Matthew has just been showing Jesus announcing the nearness of the kingdom and calling disciples.  Now he begins to fill out what “kingdom” and “discipleship.”  Neither is what the wisdom of the world expects.

They are not statements about general human virtues – most are the exact opposite of worldly wisdom.  They pronounce blessing on authentic disciples in the Christian community.  They do not describe nine different groups of good people who get to go to heaven, but are nine declarations about the blessedness, contrary to all appearances, of the community which lives in anticipation of God’s reign.  Like everything in Matthew, they are oriented to life together in the community of discipleship, not an individualistic ethics.  The blessings of the Beatitudes are not the conditions of conversion to Christ, but the consequence of it.  They describe what a community called by Jesus, centred on him, formed by his gospel, fed by his sacraments, a people who live as if the kingdom of heaven has already come, looks like. They are the marks of Christian community.

“Blessed are the poor in spirit, for theirs is the kingdom of heaven.”

From the Psalms onward, the “poor” is a description of the true people of God, those who know their communal and individual lives are not under their own control and that they are dependent on God.  The “blessed” are not those who claim a rugged independence and strong sense of self-worth, but those whose only identity and security is in God.  Their identity is not in what they know or possess, but in having a poverty of spirit.  Poverty of spirit was not limited to the destitute, but their dependence on God and others was seen as a model for the life of all believers in the God who had repeatedly made known through law and prophets his special care for the poor.

“Blessed are those who mourn,” does not refer only to those who are bereaved, who have lost a loved one; as we have done in this last week with our beloved Dilys Thomas.  If you were at Evensong last Sunday, you heard me preaching on the Book of Lamentations, and on the place in scripture and worship of lament.

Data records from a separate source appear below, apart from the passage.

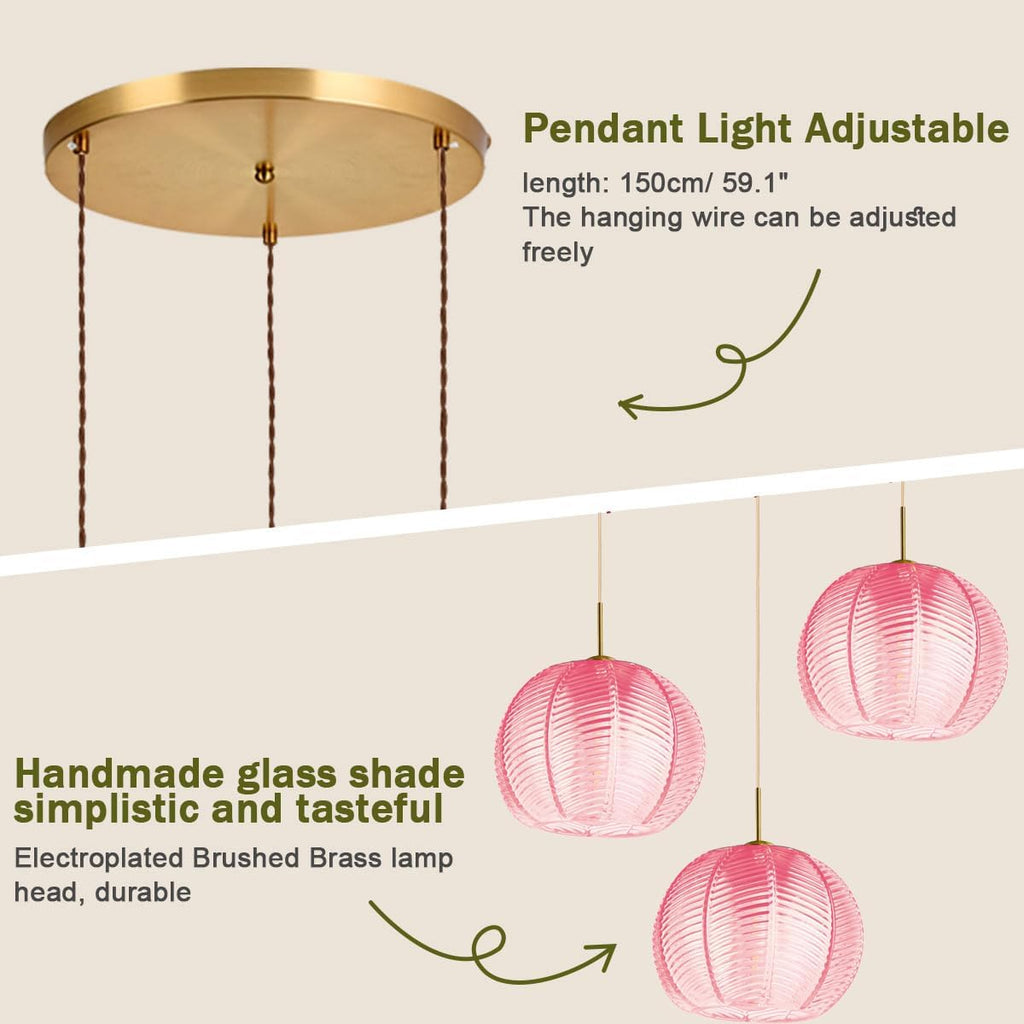 Cluster Chandelier 3-Lights Gold Pink Pendant Light Fixtures Glass Globe Chandeliers Dining Room Classic Glass Ball 8.6' Shade Adjustable Height Mid Century Modern Chandelier
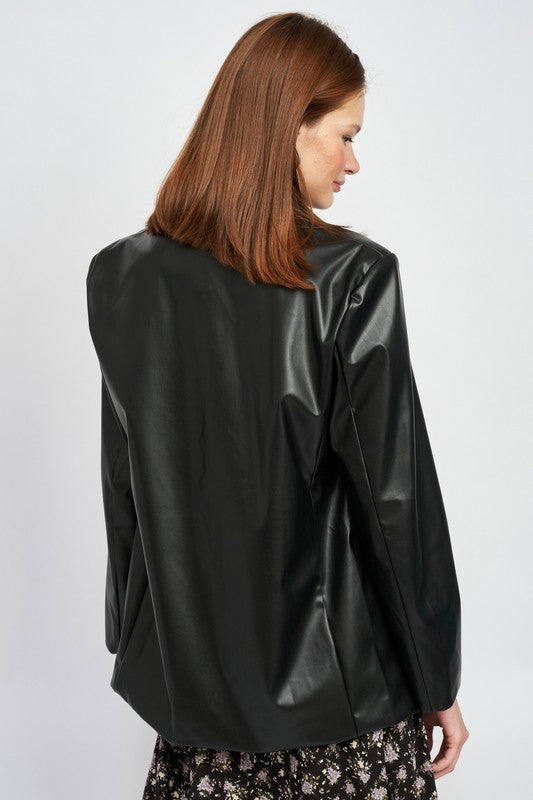Faux Leather Blazer - Premium variable from Tooksie - Just $89.99! Shop now at Tooksie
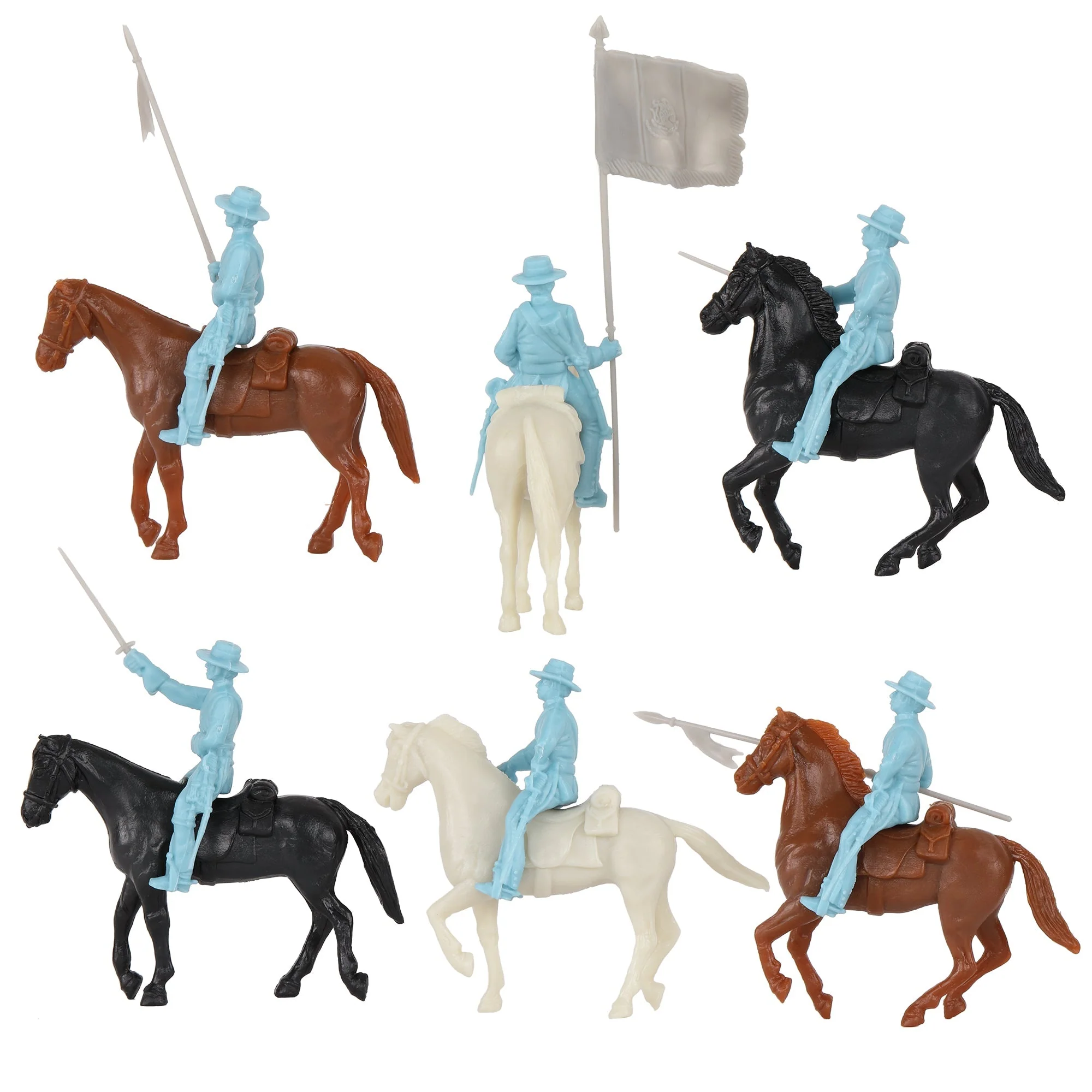 BMC CTS Alamo Mexican Light Cavalry - 33pc Powder Blue Plastic Soldier Figures - Image 5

The second beatitude speaks of those who lament, who sorrow and weep over the evil cruelty of our world; that so much of its life is not under God’s rule: that the poor remain in poverty, the hungry go unfed, the sick untended for, prisoners unvisited, the lonely unloved, strangers find no welcome, swords or smart bombs are not turned into ploughshares, children grow up neglected and abused, people are hated and denied dignity because of the colour of their skin, their faith, their gender or their sexuality.

It is sometimes said that Matthew spiritualizes the idea of poverty in a way which gives the comfortable of this world a get-out clause.  But if we read to the end of the gospel and his description of the last judgement with its “Inasmuch as you did it not unto these the least of my children, you did it not unto me,” we see that is anything but true.

“Blessed are the meek, for they shall inherit the earth.”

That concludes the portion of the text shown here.